AIM OF THE TASK: A verbatim restatement of the data, free of pictures, is what you should output.
(Beginning of PROVIDED DATA)
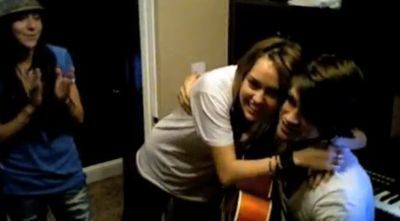 Miley Cyrus, seen here hugging boyfriend Justin Gaston as Mandy Jiroux claps in approval, are starting to Tweet each other again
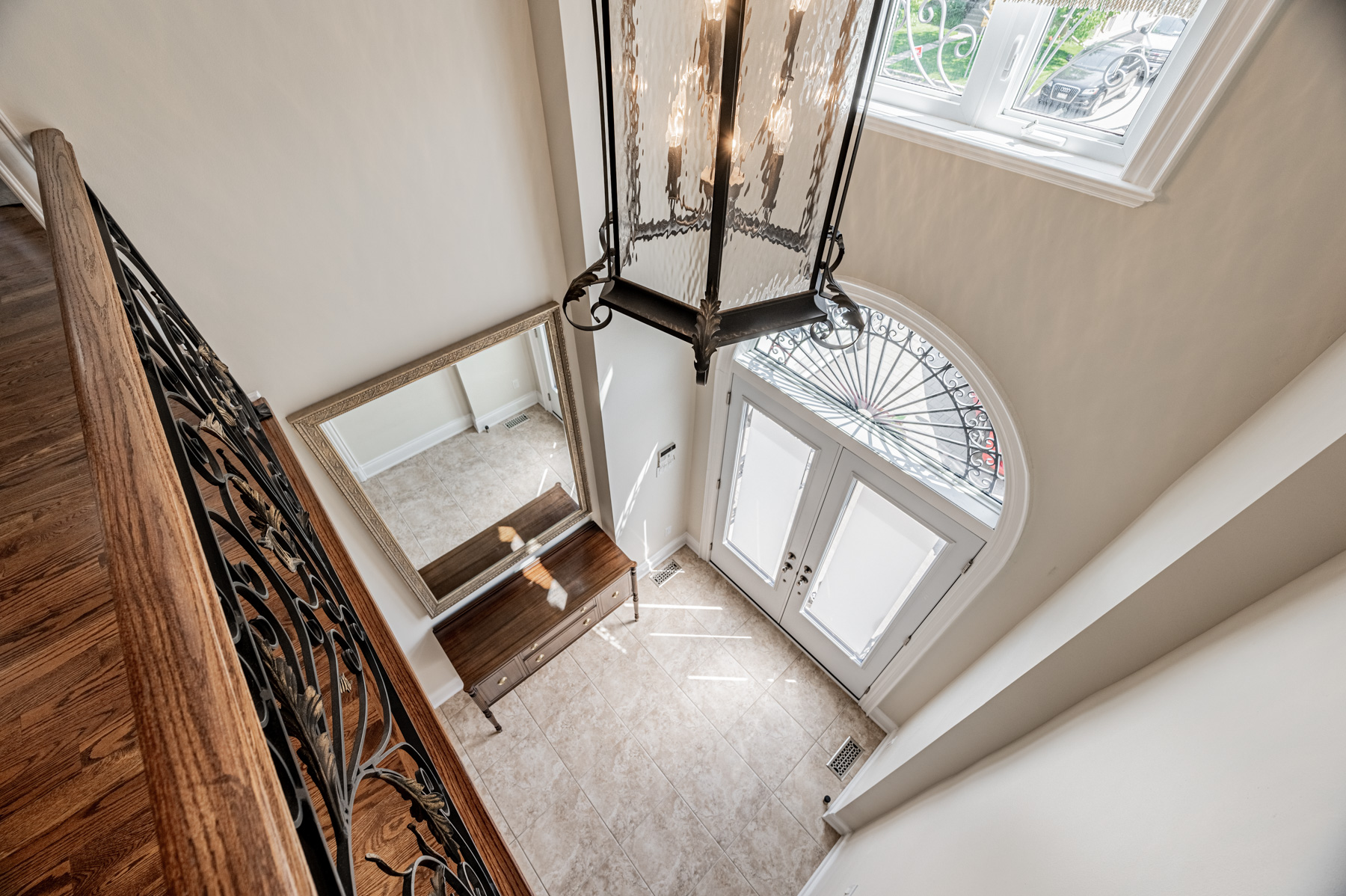 Foyer with double doors, elliptical windows, 18-foot ceiling and chandelier.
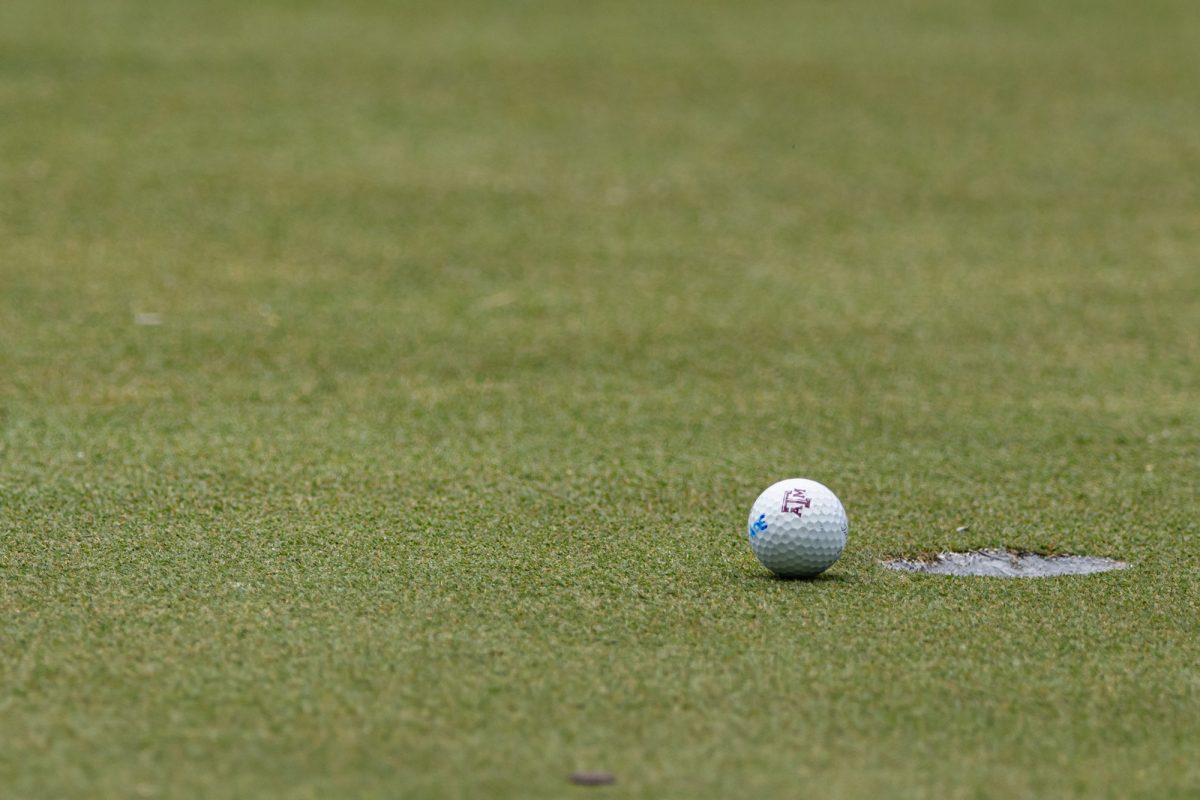 An A&M ball rolls past the hole during the Bryan Regional of the NCAA Women’s Golf Championship at Traditions Golf Club on Monday, May 6, 2024. (Chris Swann/ The Battalion)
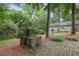 Outdoor stone fireplace and patio perfect for entertaining with spacious landscaped lawn at 635 Wilson Nw Rd, Atlanta, GA 30318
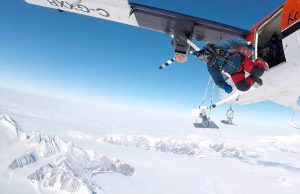 A person in a wingsuit jumps from a white and orange airplane high above snowy mountains and glaciers in Antarctica, with clear blue sky in the background—an epic scene made possible by Antarctic Logistics and Expeditions.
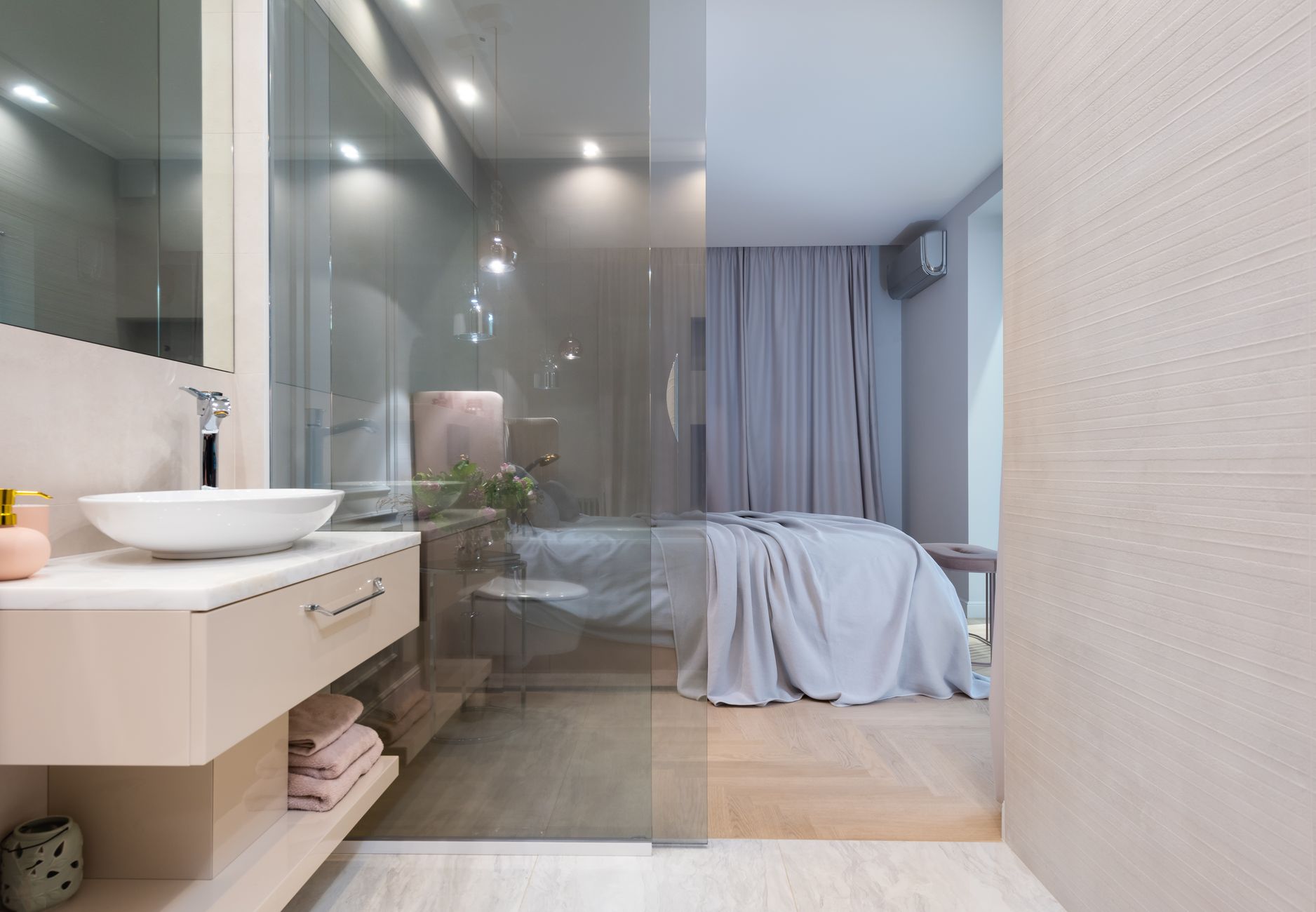 Desain kamar tidur modern dengan kamar mandi dalam simpel, pencahayaan alami, warna netral, dan ruang fungsional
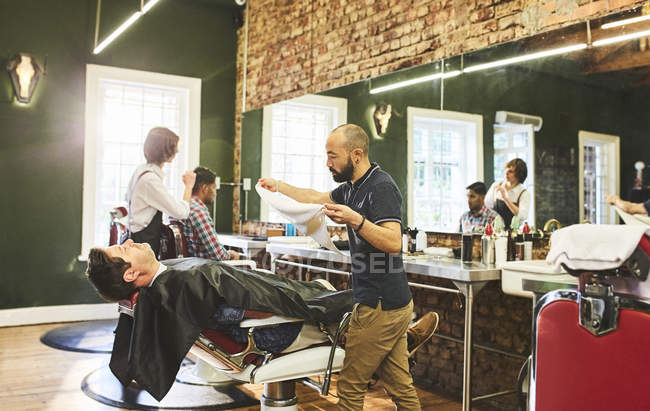 Peluquero macho preparándose para la cara de vapor del cliente antes de afeitarse en la barbería - foto de stock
(End of PROVIDED DATA)
REPLY:
 Miley Cyrus, seen here hugging boyfriend Justin Gaston as Mandy Jiroux claps in approval, are starting to Tweet each other again
 Foyer with double doors, elliptical windows, 18-foot ceiling and chandelier.
 An A&M ball rolls past the hole during the Bryan Regional of the NCAA Women’s Golf Championship at Traditions Golf Club on Monday, May 6, 2024. (Chris Swann/ The Battalion)
 Outdoor stone fireplace and patio perfect for entertaining with spacious landscaped lawn at 635 Wilson Nw Rd, Atlanta, GA 30318
 A person in a wingsuit jumps from a white and orange airplane high above snowy mountains and glaciers in Antarctica, with clear blue sky in the background—an epic scene made possible by Antarctic Logistics and Expeditions.
 Desain kamar tidur modern dengan kamar mandi dalam simpel, pencahayaan alami, warna netral, dan ruang fungsional
 Peluquero macho preparándose para la cara de vapor del cliente antes de afeitarse en la barbería - foto de stock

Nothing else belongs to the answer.